The apology issued the same day of the boat sinking by Lt. Gen. Earl Hailston, the top-ranking Marine on the Japanese island of Okinawa, for referring to the Okinawans as "wimps" and "nuts" because of their objections to a U.S. soldier molesting a young girl, was not unrelated. Hailston's arrogant message, meant for a select audience of the military brass, was that Okinawans should just get used to the brutality of the American boot on their necks. It was similar to the 1995 remarks of Adm. Richard Macke that the rape of a Japanese girl by soldiers was unnecessary, since for the price of renting a car that night, "they could have had a girl" and avoided the rape charges.

The imperialists' contemptuous treatment of the Japanese people includes the incarceration of thousands of Japanese Americans in California during World War II and the confiscation of their land, businesses, and money; the bombing of Japan, including unleashing nuclear weapons against the people of Hiroshima and Nagasaki in 1945; and the postwar U.S. military occupation of the country.

Opposition is growing to the military bases the U.S. government continues to impose on Japan.
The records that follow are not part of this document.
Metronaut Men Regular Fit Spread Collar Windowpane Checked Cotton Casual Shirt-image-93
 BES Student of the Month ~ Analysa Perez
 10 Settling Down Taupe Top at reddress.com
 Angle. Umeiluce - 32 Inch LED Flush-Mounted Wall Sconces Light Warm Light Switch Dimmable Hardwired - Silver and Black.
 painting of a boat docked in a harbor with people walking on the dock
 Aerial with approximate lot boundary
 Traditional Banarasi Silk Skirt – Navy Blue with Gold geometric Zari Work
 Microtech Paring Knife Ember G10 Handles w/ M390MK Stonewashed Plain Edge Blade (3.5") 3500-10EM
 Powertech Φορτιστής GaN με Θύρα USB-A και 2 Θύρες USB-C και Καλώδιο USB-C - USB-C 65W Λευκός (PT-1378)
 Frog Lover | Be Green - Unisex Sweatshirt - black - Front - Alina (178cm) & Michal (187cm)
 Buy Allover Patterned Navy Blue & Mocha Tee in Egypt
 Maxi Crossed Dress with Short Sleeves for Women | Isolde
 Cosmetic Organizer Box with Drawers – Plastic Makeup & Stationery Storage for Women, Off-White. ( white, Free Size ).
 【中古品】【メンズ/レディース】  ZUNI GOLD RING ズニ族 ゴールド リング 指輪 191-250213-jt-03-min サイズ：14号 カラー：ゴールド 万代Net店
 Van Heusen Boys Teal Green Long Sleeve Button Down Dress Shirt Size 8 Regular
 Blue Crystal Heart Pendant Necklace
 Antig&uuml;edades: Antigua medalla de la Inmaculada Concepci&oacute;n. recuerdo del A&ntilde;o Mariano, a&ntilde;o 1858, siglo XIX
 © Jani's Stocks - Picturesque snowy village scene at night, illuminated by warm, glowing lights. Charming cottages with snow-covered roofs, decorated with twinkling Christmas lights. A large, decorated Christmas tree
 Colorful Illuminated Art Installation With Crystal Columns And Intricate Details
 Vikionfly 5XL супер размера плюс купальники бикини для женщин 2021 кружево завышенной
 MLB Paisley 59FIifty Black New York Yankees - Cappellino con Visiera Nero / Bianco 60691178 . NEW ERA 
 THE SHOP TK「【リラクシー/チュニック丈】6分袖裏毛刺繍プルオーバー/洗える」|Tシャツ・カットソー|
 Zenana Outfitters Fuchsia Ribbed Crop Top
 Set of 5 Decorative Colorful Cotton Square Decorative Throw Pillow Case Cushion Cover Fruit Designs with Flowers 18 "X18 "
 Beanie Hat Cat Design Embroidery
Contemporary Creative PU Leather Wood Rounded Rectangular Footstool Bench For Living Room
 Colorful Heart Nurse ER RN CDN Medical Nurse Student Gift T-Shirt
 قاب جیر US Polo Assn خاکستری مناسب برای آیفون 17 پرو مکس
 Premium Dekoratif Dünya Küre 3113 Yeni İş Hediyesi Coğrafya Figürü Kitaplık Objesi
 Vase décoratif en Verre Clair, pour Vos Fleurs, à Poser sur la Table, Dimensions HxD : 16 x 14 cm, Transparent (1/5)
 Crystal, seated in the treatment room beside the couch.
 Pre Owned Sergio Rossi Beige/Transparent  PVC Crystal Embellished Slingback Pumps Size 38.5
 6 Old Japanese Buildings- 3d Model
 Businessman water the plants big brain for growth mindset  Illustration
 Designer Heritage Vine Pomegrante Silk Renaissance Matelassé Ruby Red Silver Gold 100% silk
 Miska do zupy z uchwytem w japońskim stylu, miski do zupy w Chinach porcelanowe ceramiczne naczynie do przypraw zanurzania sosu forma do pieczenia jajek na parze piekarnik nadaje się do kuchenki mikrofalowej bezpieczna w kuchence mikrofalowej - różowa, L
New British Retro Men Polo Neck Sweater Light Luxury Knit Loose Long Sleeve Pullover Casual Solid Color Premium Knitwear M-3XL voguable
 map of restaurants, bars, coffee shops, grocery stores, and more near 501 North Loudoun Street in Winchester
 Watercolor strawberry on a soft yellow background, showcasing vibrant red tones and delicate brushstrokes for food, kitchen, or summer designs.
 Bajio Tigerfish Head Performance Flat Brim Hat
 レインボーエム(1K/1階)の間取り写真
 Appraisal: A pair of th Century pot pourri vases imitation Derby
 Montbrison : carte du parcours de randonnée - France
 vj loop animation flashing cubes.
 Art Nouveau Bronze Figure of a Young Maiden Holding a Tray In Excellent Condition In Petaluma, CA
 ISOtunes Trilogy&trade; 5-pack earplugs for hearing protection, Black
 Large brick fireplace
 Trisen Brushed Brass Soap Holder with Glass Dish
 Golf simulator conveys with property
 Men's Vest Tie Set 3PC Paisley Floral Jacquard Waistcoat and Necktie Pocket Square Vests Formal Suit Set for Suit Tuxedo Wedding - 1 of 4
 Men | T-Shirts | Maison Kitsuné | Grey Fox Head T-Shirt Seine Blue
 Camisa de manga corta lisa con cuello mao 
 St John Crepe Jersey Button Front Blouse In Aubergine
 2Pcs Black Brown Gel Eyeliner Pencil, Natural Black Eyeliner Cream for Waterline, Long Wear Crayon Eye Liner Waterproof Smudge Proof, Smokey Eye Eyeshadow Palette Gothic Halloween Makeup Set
Incidents of rape, arson, and hit-and-run car accidents, not to mention insulting language like Hailston's comments, have given rise to protests by the people of Okinawa. The town of Chatan, Okinawa, pointed to the solution to the never-ending abuse when its council unanimously called for all U.S. Marines to leave and for Hailston to resign.

The ruling capitalist families in the United States need a powerful navy based in Asia and the Pacific to back up their exploitation of the workers and farmers and the resources of the countries in the region. They need to keep the upper hand against their ally and competitor, Japan. That is why 100,000 U.S. troops are stationed in Okinawa and the rest of Japan, south Korea, and on warships throughout the Pacific.

This military might aids those who profit from the labor of workers and farmers in the United States and around the world. But they are not invincible.

Japanese working people have fought for their government to apologize for the brutality of the Japanese imperialist occupation of China and Korea, including use of "comfort women" as sexual servants of the Japanese army during World War II. Working people in the United States should follow their lead and demand the withdrawal of all U.S. military forces from Japan. Washington should tell the entire truth about the sinking of the Japanese fishing boat, punish the officers responsible, and fully compensate the families of those killed by the reckless and antiworker actions of its military forces.